Web 2.0 will affect how universities go about the business of education, from learning, teaching and assessment, through contact with school communities, widening participation, interfacing with industry, and maintaining contact with alumni. However, it would be a mistake to consider Web 2.0 as the sole driver of these changes; in reality Web 2.0 is just one part of the Higher Education (HE) ecosystem. Other drivers include, for example, pressures to greater efficiency, changes in student population, and ongoing emphasis on better learning and teaching methods.
Nonetheless, Web 2.0 is, in our view, a technology with profound potential for inducing change in the HE sector. In this, the possible realms of learning to be opened up by the catalytic effects of Web 2.0 technologies are attractive, allowing greater student independence and autonomy, greater collaboration, and increased pedagogic efficiency.
This study has focussed on the content sharing aspects of Web 2.0, including textual, sound, and video data.
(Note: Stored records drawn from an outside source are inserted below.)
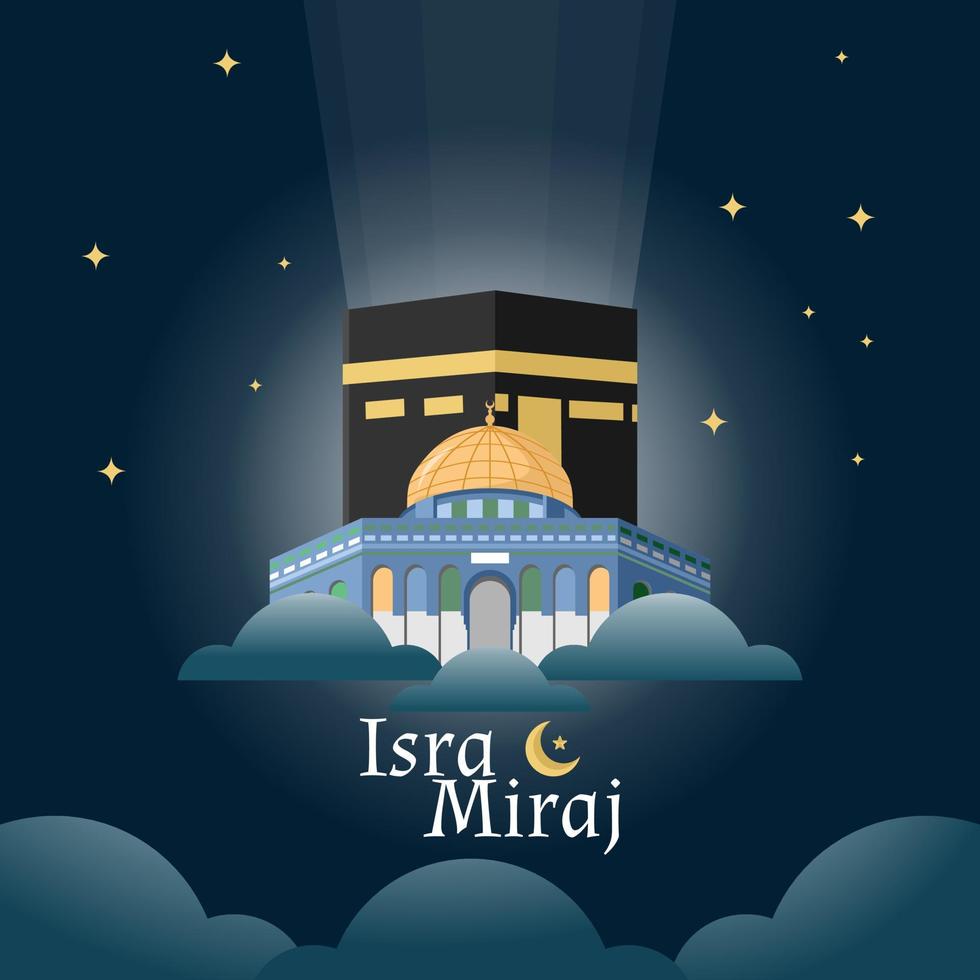 isra miraj santo noche de profeta islámico saludo tarjeta vector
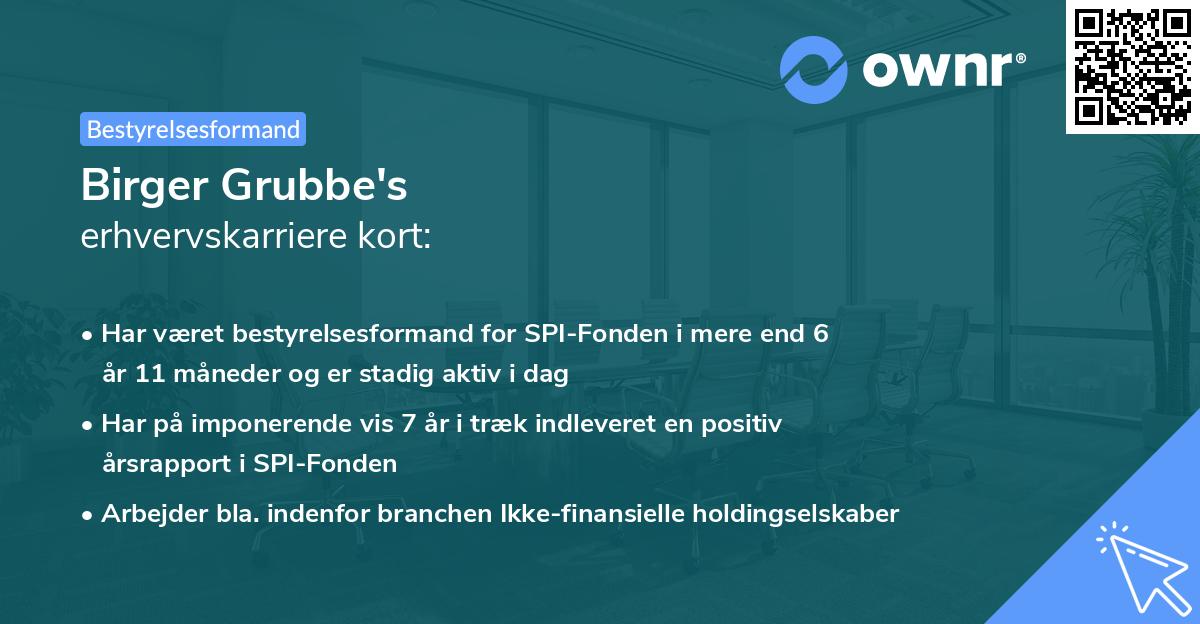 Birger Grubbe's erhvervskarriere kort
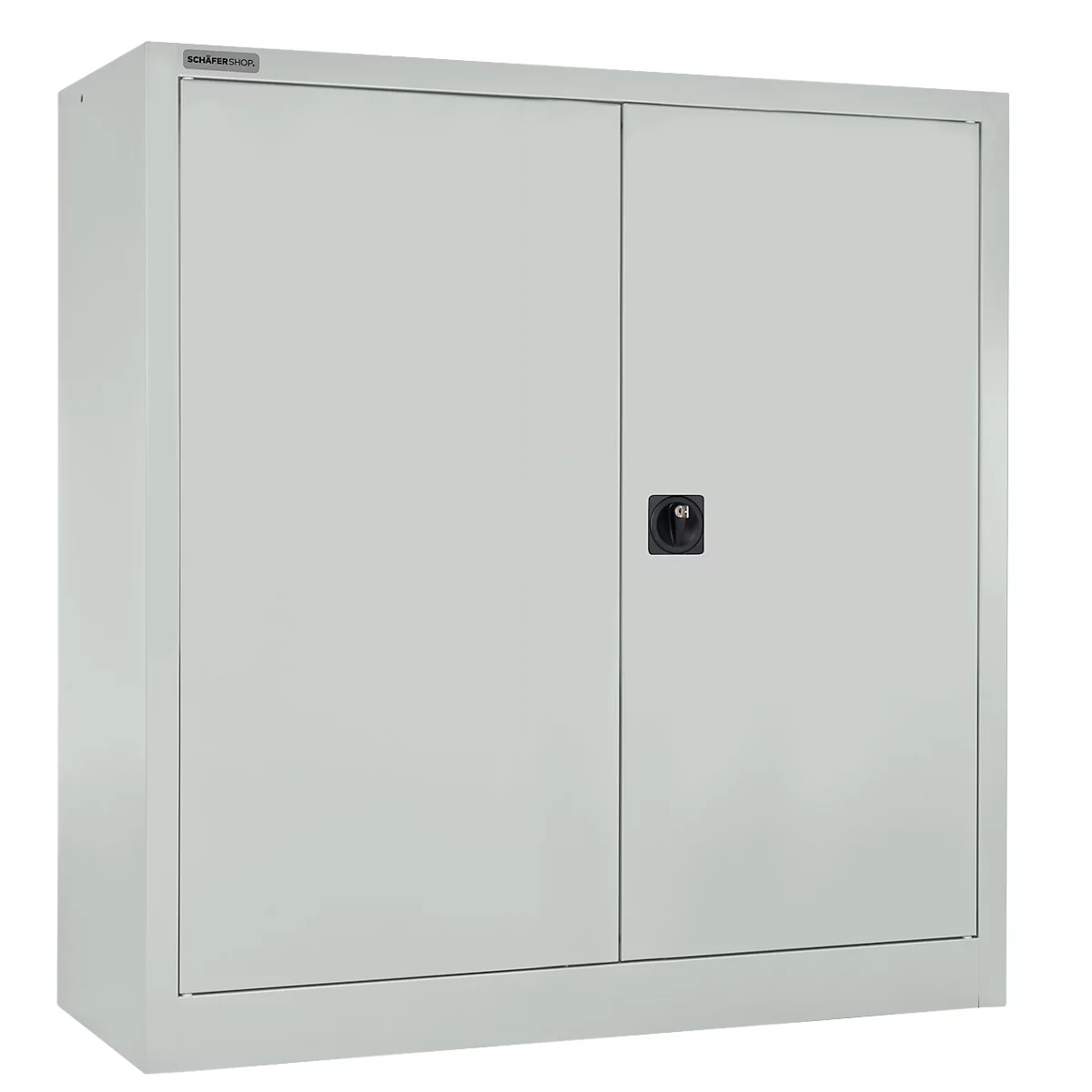 Gray steel cabinet with two doors and a black handle. A company logo is on the upper left corner.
The study is also cognisant of the fact that content sharing via Web 2.0 mechanisms can be the enabler of social software - software which supports groups in their day-to-day interactions.
Because Web 2.0 is a relatively ‘young’ technology, there are many unresolved problems and issues in its use in universities. These include: IPR for material created and modified by university members and external contributors; appropriate pedagogies for use with Web 2.0 (and equally which pedagogic approaches are enhanced by the use of Web 2.0); how to assess material that may be collectively created and that is often open to ongoing change; the choice of types of systems for institutional use; how to roll out Web 2.0 services across a university; whether it is best to host the services within the university or make use of externally hosted services elsewhere; integration with institutional systems; accessibility; visibility and privacy; data ownership; control over content; longevity of data; data preservation; information literacy; and staff and student training. At this stage all that we have to go on are the results of experiments with Web 2.0, rather than a set of solutions that are ready for widespread adoption.
In the main report, we provide a discussion of Web 2.0 together with a compilation of the more commonly used systems for education. We then examine progress at four universities which have taken a strategic approach and implemented Web 2.0 services in different ways at the institutional level. This is followed by a discussion of Web 2.0 content and its creation and use, together with an identification of issues affecting content creation and use. The next section considers the ways in which Web 2.0 is being used in learning, teachingand assessment, and important issues associated with pedagogy and assessment. We then turn to institutional policy and strategy and consider ways in which Web 2.0 impacts them.
Because of the relative immaturity of the technology and experimentation with its use, it is too early to make specific recommendations in most of the areas above. Consequently we make various recommendations to the JISC as to actions to guide and help the UK HE community in its ongoing exploration, adoption and adaptation of Web 2.0 systems.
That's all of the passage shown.